Nearly 20 years later, Parry is focusing on starting a Mothers & More chapter in Hawai'i as part of a national organization that allows mothers to share insights. And Crittenden is touring the country speaking about her book that just came out in paperback, "The Price of Motherhood: Why the Most Important Job in the World is Still the Least Valued" (Owl/Metropolitan Books, $15).
Crittenden, a former New York Times reporter who had a baby when she was 44, said employers are offering more flexibility now than when she quit her job in 1982. But she felt compelled to write about the way the workforce cheats mothers economically.
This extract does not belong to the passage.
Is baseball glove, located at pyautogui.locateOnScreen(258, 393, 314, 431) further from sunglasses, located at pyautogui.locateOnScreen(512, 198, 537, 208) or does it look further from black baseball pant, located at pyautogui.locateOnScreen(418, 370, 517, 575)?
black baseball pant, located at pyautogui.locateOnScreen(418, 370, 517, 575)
She has concluded that the women's movement needs a new wave to get policies changed that would give women the flexible hours and benefits offered in countries such as France and Sweden.
No matter how much women are looking for cultural examples or with nostalgia to seemingly simpler times, don't look for a surge of women quitting their jobs to stay home, said Jennifer Glass, a sociology professor at the University of Iowa, who has done extensive research on working mothers.
Single working mothers and working couples still make up at least 80 percent of the U.S. parent population, and stay-at-home moms have become a rarity, she said.
She finds it insulting to working moms to make it sound like the June Cleaver life is better or realistic.
All of the women agree on this: Working mothers shouldn't be forced to make all-or-nothing choices between career and family. They say it will take sweeping policy changes, such as flexible hours and better medical benefits, before mothers will really get ahead.